Curiosity – A desire to seek out new information, knowledge, experience, and, most importantly, objective and candid feedback.
Insight – The ability to process and make sense of information that especially uncovers new opportunities.
Engagement – Often a natural intuition to persuade and connect people to embrace a vision or goal.
Determination – A special desire to push forward and achieve difficult goals that present difficult challenges and to bounce back easily from adversity and failure.
While very few people are strong in ALL these traits, leaders who have potential usually excel in two or more and are above average on the others. Most small and mid-sized companies like ours cannot afford to hire large consulting firms to complete leadership trait assessments, but we can (1) study a candidate’s performance history and (2) ask more in-depth interview questions to uncover personal stories that give us a better idea of her or his potential.

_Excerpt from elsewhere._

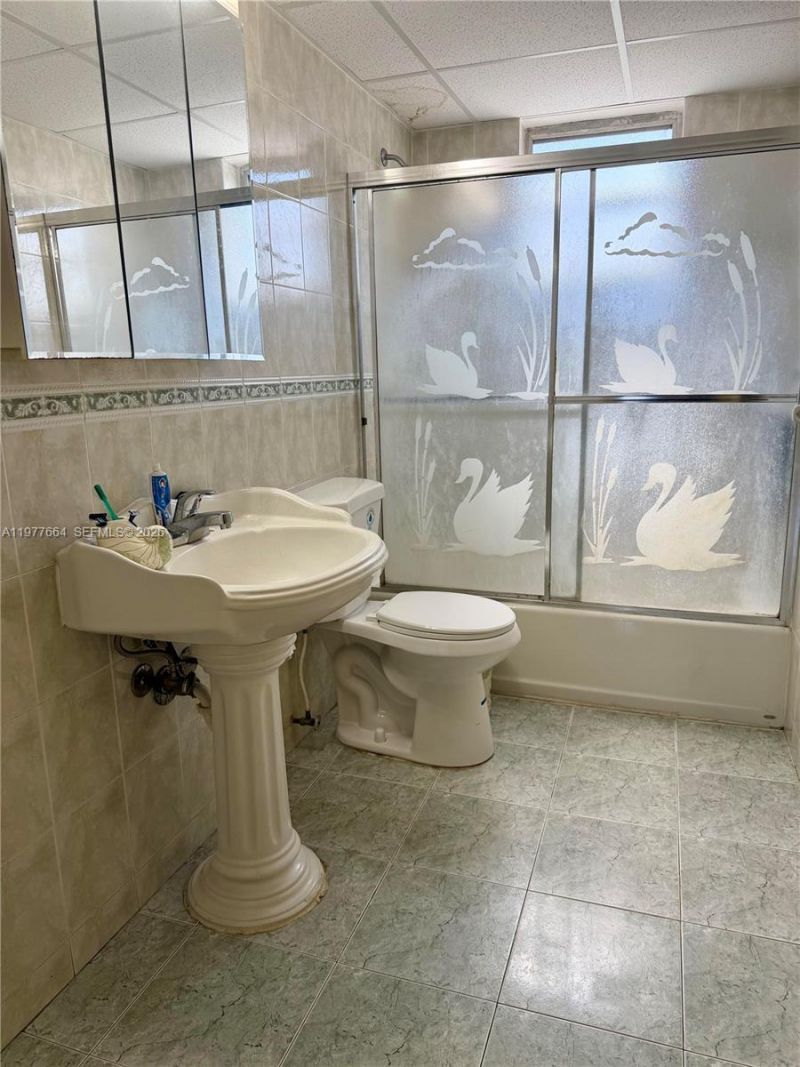 2000 Biarritz Dr , Unit 201, Miami Beach, FL 33141 Photo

Here are two of my candidate questions for each trait that might help get us started.
Curiosity – (a) Tell us about a recent situation that inspired you to do more research and then take action and what was the result? (b) How do you go about getting feedback from others? What was the most meaningful feedback you received?
Insight – (a) Can you think of a situation when you and your team were flooded with information and you successfully identified a key factor or two for the team to focus on? (b) Given what you know about our business, can you think of a business opportunity for us to pursue that we haven’t identified?

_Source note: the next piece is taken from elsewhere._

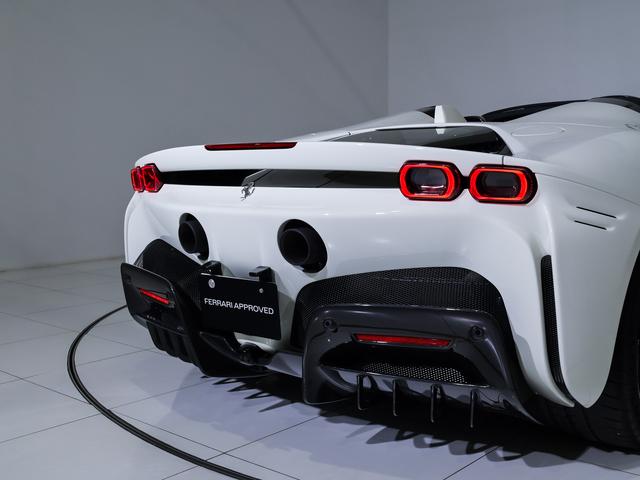 ＳＦ９０スパイダー Ｆ１　ＤＣＴ　Ｅ４ＷＤ　カーボンファイバーレーシングシート　２０インチ・鍛造ダイアモンド研磨仕上・スポーツホイール　サスペンションリフターＬＥＤ付カーボンファイバー製ドライバーゾーン　ツートンボディペインティング（56枚目）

Engagement – (a) Share with us a time you successfully persuaded a variety of people to get behind one particular goal or vision you developed and what the result was? (b) What methods do you use to connect people with different backgrounds and personalities?
Determination – (a) Tell us your greatest success involving the most challenges? (b) Share with us your toughest adversity and how you bounced back from it?
One strong suggestion Fernandez-Araoz’s recommends for leaders with “potential” is to give them stretch assignments. In his article he quotes Jonathan Harvey, a top HR executive at ANZ, an Australian bank that operates in 33 countries. Harvey says, “When it comes to developing executives for future leadership assignments, we’re constantly striving to find the optimal level of discomfort in the next role or project, because that’s where the most learning happens. We don’t want people to be stretched beyond their limits. But we want well-rounded, values-focused leaders who see the world through a wide-angle lens, and the right stretch assignments are what helps people get there.”
Closing Thought on Motivation. Since we must remember to always go back to one’s motivation, I am reminded of a great quote from Roger Staubach, my favorite football player when I was younger. Staubach once said, “There are no traffic jams along the extra mile.”
I think we might ask potential leaders about the last time she or he went the extra mile and what happened – that answer could make all the difference.